After an intimate moment is shared online, Little Bill must cope with the consequences of being a homophobic bully.

Little Bill’s Peep Show is a horror/comedy/fantasy revenge plot that uses horror film tropes to provide justice to LGBT youth who have taken their own lives. While the film sends off an incredibly deep and realistic message, director Kevin Rios knew to use comedy at the right moments to create some relief, all while keeping a strong point on the overall purpose.

After the suicide of Tyler Clementi at Rutgers University, I was angry. After being filmed online in his dorm room, Tyler Clementi jumped off the George Washington Bridge and ended his life. Around that time I was a senior at NYU film school and the amount of LGBT suicides were spiking. I felt inclined to make something to channel my rage into art. I had one more film to make and decided to create a “b-horror movie”-esque revenge fantasy film that will provide a sliver of justice to the fallen LGBT youth. The production itself helped calm me down but the initial rough cut felt incomplete so I shelved the project. Two years after the initial production of the horror film, the election of Donald Trump fired me up again and I decided to complete the movie.

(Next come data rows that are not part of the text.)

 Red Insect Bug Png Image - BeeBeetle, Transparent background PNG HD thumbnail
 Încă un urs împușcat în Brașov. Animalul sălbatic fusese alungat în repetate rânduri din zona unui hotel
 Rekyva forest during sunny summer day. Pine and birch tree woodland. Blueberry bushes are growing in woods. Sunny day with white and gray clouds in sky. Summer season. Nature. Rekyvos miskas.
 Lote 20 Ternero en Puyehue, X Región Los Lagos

My first issue to solve was to solve the tonal issue from the original cut by filming a Narrator to help ease an audience to the story and getting an animator to capture the overwhelming pain Tyler (in this case, Brad) felt moments before his suicide. Finally completing the film in the summer of 2017, I hope the film could be a lesson for anyone, especially young people, that words matter whether they are spoken out loud or online, it’s a matter of life and death.

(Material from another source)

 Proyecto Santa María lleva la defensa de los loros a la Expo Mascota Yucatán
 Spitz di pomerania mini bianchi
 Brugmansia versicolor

Filmed on super 16mm on an Arri SR II, the cinematic style certainly drives the eerie retro b-movie mood. Added to that, the film also goes through a mix of visual styles to carry the story forward through its various moments; From documentive storytelling to live-webcamming, with an animated sequence to perhaps the most bone-chilling segment. The cast certainly didn’t have an easy or typical script to follow, but did a great job at finding the intended mood brought forward by Kevin.